▸ What to produce: For the listing below, output exactly the lines from the line with "X0000093451389200711091504" up to and including the line with "Potomac Royal Snapdragon", and no other lines.

▸ Listed entries:
#####

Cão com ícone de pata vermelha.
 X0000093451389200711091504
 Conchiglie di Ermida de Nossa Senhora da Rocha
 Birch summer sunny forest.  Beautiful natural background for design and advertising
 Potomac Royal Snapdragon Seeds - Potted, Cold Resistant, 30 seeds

#####

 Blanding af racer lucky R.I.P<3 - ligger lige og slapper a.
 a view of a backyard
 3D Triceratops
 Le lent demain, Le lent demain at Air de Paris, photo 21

#####

▸ Response:
 X0000093451389200711091504
 Conchiglie di Ermida de Nossa Senhora da Rocha
 Birch summer sunny forest.  Beautiful natural background for design and advertising
 Potomac Royal Snapdragon Seeds - Potted, Cold Resistant, 30 seeds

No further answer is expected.